ABOUT THIS EXERCISE.
Could you restate word for word only the lines below from the one holding "this 600×400 image." to the one holding "this 250×188 image.", inclusive, and leave out the pictures?

RECORDS FOR THE TASK.
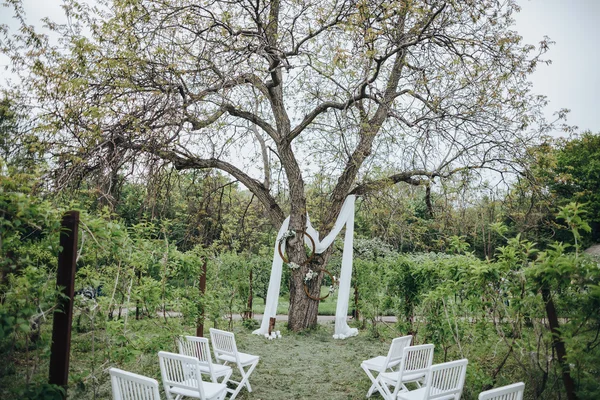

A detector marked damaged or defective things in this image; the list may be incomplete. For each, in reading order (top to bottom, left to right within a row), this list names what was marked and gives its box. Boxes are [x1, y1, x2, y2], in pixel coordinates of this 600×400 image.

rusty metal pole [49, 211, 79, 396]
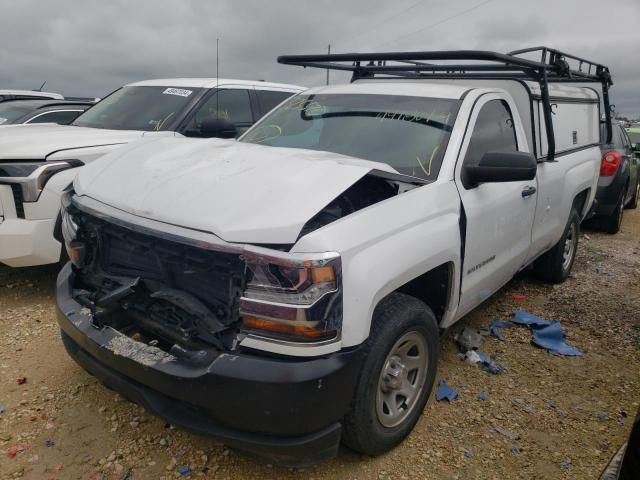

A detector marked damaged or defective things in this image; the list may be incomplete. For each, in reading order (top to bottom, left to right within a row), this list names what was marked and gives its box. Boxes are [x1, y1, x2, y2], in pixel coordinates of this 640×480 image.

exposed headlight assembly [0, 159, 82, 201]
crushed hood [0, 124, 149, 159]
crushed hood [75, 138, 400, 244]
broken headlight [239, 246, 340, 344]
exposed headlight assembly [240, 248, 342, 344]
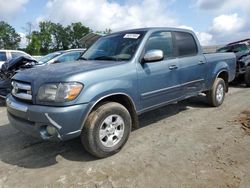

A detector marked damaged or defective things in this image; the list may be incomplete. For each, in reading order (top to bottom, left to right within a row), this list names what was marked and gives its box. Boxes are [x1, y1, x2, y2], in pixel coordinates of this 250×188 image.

==

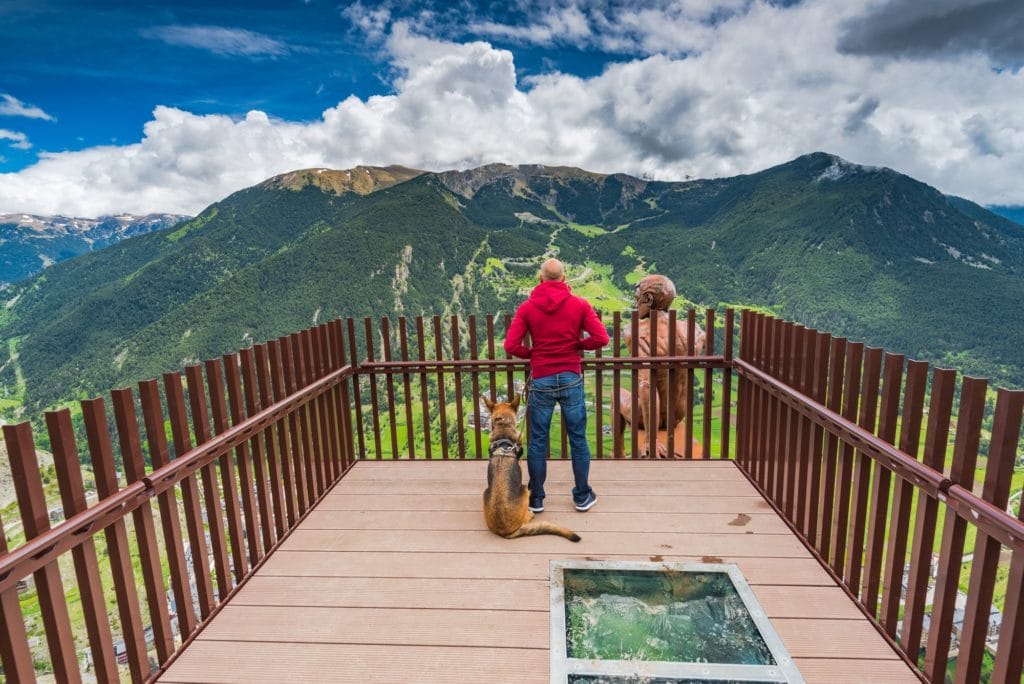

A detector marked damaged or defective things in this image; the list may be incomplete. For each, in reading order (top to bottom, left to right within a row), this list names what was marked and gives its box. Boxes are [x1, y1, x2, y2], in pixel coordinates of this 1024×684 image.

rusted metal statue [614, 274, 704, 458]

--

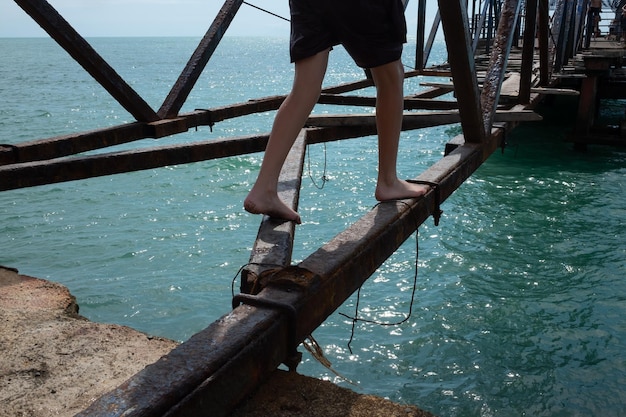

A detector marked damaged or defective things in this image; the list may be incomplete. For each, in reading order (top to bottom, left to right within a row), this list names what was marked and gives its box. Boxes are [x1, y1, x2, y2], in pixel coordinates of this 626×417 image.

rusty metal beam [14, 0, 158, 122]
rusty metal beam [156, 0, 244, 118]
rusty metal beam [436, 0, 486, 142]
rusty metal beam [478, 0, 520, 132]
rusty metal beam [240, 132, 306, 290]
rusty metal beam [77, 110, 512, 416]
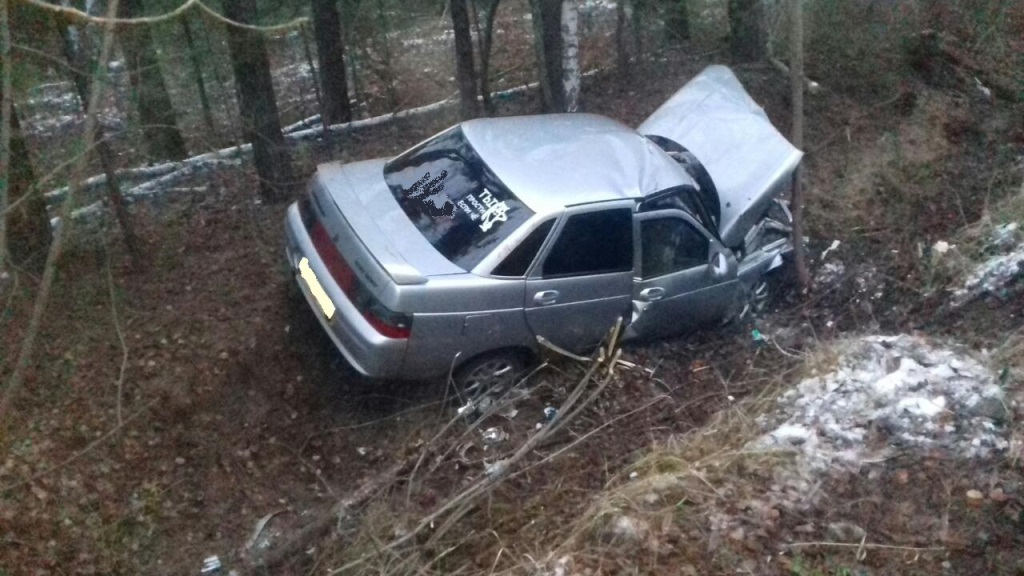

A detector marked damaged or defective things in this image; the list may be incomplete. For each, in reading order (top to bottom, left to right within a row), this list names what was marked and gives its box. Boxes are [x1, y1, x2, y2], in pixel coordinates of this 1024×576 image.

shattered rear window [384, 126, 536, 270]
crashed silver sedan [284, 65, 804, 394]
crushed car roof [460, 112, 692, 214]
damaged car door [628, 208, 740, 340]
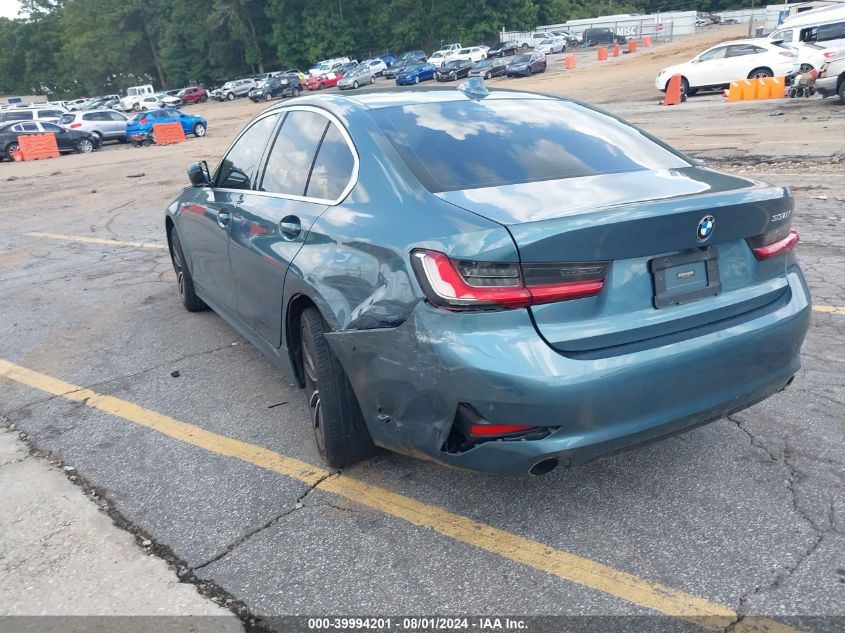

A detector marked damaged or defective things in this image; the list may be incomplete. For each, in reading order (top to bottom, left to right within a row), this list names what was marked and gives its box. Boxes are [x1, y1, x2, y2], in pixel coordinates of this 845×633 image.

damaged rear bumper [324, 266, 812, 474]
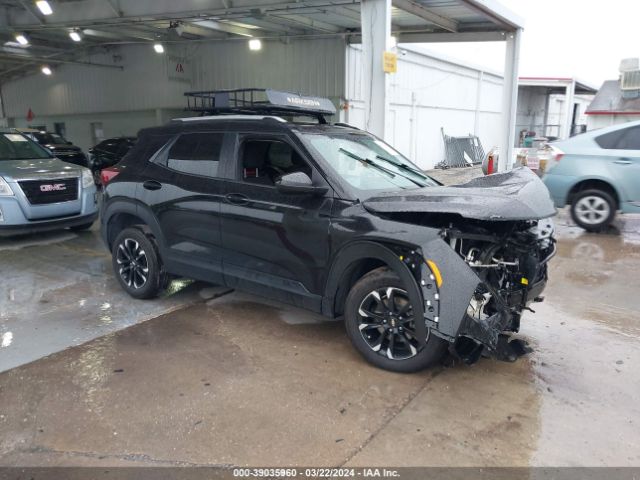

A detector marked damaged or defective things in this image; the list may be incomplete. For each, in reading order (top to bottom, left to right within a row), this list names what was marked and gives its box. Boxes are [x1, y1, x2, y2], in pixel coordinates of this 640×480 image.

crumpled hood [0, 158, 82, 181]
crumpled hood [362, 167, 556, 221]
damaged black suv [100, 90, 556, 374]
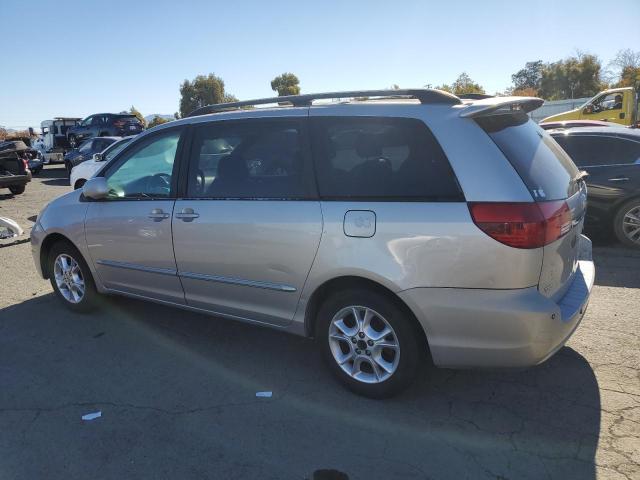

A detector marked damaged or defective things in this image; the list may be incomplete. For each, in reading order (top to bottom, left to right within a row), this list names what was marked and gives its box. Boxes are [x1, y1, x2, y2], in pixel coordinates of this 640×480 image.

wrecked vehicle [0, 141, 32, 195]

EXERCISE ANSWER.
A detector marked damaged or defective things in this image; the list may be incomplete. For each, in reading order (top to bottom, left to right within a row), this list names what was marked and gives its box. Boxes are [x1, y1, x2, y2], in pixel coordinates of this 600×400 image.

rusty metal pole [49, 211, 79, 396]

A detector marked damaged or defective things in this image; the list may be incomplete. For each, in reading order (top to bottom, left to right within a row), this list names what was marked and gives its box. Boxes are [x1, y1, x2, y2], in pixel coordinates of this 640×480 image.

exposed headlight assembly [0, 159, 82, 201]
crushed hood [0, 124, 149, 159]
crushed hood [75, 138, 400, 244]
broken headlight [239, 246, 340, 344]
exposed headlight assembly [240, 248, 342, 344]

A detector marked damaged or defective things in this image; the list may be incomplete. For each, in reading order (top to bottom, left to right within a row), this list names what was marked and gives its box. Boxes are [x1, y1, x2, y2], in pixel coordinates of this 250×188 image.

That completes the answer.